### [EXERCISE]
Scan the entries for "East". Every line that holds it is to be copied.
•••
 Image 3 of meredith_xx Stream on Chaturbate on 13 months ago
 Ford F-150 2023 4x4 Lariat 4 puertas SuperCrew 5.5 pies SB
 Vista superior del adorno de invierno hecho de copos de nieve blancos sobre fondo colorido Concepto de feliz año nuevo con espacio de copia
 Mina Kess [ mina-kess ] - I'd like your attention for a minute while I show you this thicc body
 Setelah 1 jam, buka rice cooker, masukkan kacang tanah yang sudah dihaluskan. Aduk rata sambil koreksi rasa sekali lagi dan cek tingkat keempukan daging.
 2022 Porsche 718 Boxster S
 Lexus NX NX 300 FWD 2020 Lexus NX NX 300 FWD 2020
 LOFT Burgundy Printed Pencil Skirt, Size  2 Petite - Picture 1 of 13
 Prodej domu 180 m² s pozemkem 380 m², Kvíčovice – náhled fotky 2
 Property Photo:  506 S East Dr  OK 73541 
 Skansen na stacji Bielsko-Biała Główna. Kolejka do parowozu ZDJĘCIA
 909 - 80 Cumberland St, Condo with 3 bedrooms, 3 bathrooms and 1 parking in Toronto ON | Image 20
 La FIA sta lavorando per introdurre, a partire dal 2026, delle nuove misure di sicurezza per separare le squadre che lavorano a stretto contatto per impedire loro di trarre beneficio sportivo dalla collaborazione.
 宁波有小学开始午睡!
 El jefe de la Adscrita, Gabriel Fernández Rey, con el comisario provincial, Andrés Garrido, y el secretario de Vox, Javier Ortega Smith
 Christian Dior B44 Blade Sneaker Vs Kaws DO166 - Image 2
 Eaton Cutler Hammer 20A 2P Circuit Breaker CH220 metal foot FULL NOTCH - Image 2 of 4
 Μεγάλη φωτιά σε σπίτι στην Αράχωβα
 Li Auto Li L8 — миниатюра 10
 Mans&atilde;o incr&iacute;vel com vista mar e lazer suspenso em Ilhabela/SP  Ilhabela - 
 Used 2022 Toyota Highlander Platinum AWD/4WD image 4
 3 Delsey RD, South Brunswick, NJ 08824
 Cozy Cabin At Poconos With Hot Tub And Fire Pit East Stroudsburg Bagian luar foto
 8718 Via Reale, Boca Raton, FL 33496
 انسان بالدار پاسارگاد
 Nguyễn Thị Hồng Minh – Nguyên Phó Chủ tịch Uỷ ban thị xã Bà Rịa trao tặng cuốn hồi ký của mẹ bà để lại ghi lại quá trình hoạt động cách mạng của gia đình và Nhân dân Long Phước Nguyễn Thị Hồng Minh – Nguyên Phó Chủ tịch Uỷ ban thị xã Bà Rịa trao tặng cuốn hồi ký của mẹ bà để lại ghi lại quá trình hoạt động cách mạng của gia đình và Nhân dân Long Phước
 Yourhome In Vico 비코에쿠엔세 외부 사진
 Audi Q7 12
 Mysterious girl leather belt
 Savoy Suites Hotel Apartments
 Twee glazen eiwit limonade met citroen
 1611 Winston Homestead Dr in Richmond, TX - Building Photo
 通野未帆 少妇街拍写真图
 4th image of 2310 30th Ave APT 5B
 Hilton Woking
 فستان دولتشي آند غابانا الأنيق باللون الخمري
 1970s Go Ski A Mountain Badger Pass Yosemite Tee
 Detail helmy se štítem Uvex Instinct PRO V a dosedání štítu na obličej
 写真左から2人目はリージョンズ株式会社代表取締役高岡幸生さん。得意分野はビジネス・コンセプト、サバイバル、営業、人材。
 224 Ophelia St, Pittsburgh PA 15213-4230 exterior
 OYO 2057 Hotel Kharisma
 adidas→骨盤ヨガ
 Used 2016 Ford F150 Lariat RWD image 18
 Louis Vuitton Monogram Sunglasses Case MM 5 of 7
•••
### [REPLY]
 Property Photo:  506 S East Dr  OK 73541 
 Cozy Cabin At Poconos With Hot Tub And Fire Pit East Stroudsburg Bagian luar foto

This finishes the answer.